(Exercise directions) Omitting every picture, output the records below exactly, please.

##### Records for the task #####

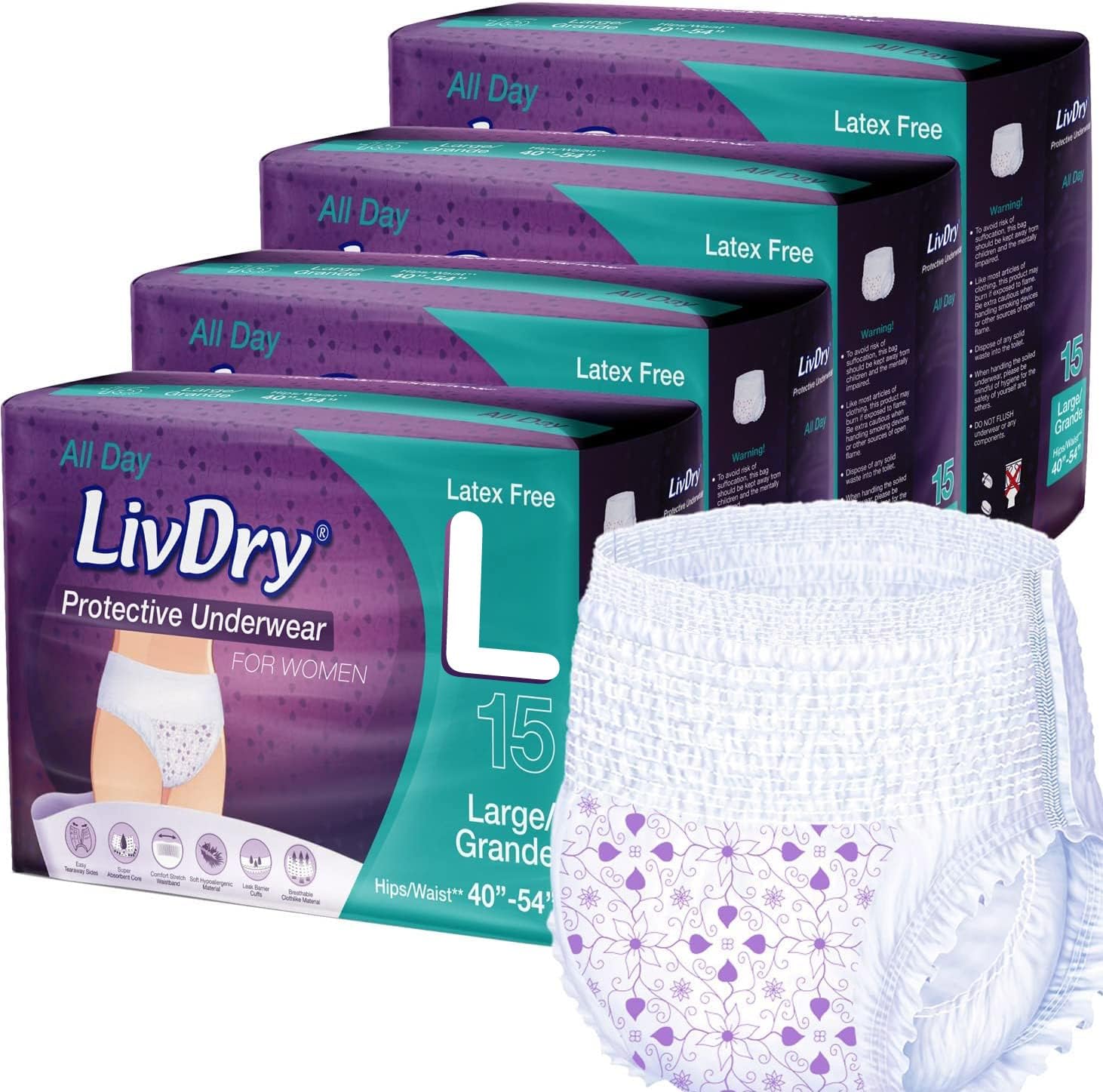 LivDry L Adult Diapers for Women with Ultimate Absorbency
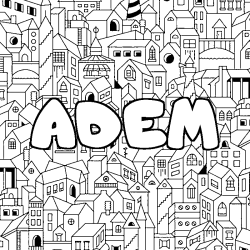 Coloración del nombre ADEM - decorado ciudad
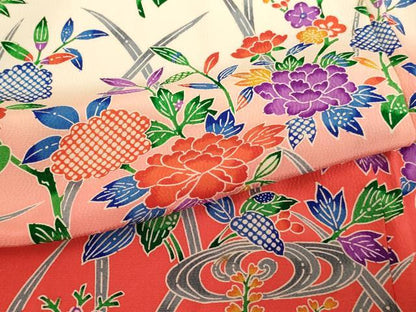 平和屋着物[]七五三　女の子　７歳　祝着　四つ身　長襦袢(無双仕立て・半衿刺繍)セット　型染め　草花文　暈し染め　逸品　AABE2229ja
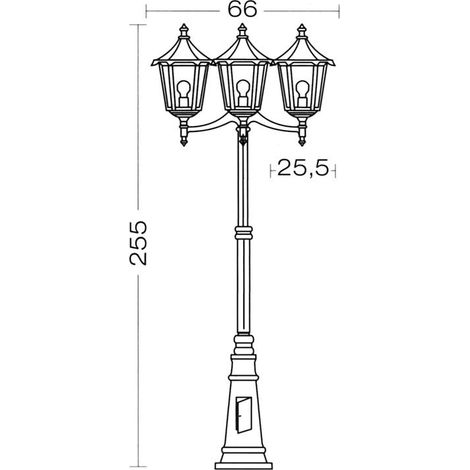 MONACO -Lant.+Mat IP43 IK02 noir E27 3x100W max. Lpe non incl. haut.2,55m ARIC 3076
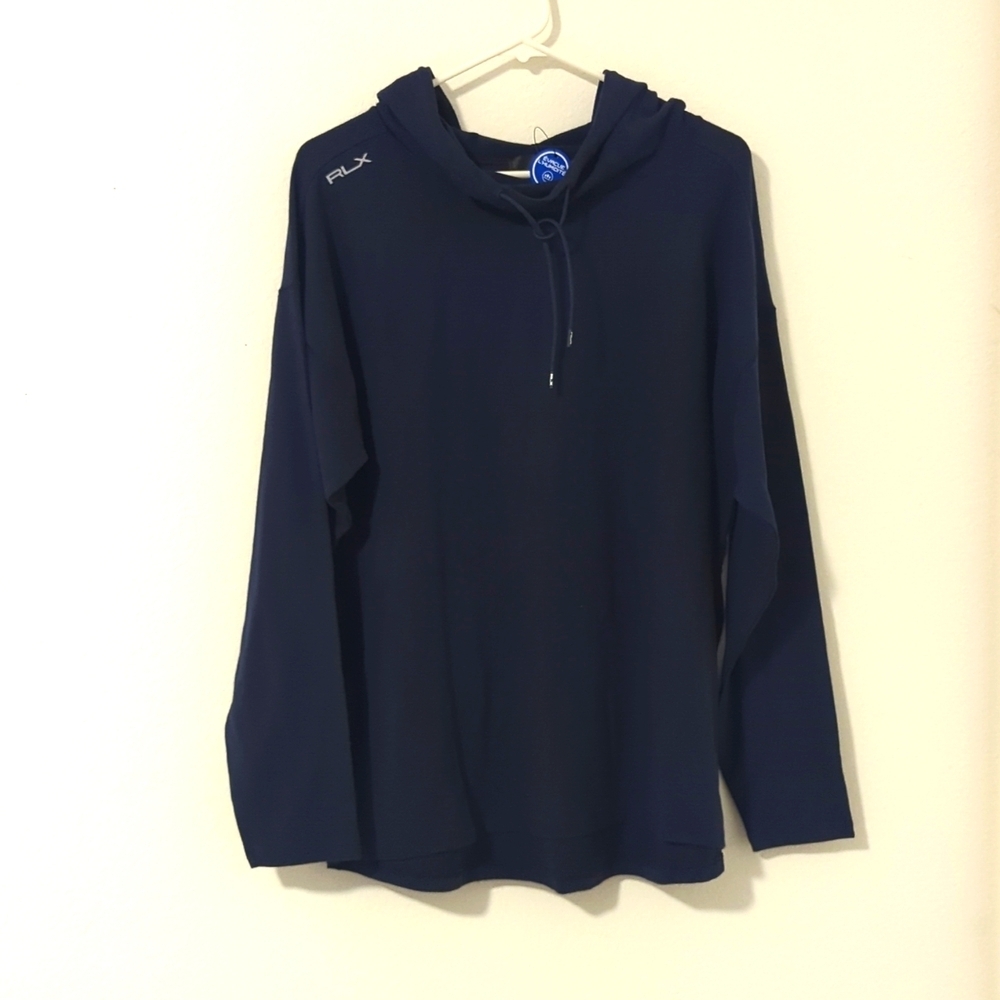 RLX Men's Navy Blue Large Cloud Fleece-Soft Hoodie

#####

(Result for this task)
 LivDry L Adult Diapers for Women with Ultimate Absorbency
 Coloración del nombre ADEM - decorado ciudad
 平和屋着物[]七五三　女の子　７歳　祝着　四つ身　長襦袢(無双仕立て・半衿刺繍)セット　型染め　草花文　暈し染め　逸品　AABE2229ja
 MONACO -Lant.+Mat IP43 IK02 noir E27 3x100W max. Lpe non incl. haut.2,55m ARIC 3076
 RLX Men's Navy Blue Large Cloud Fleece-Soft Hoodie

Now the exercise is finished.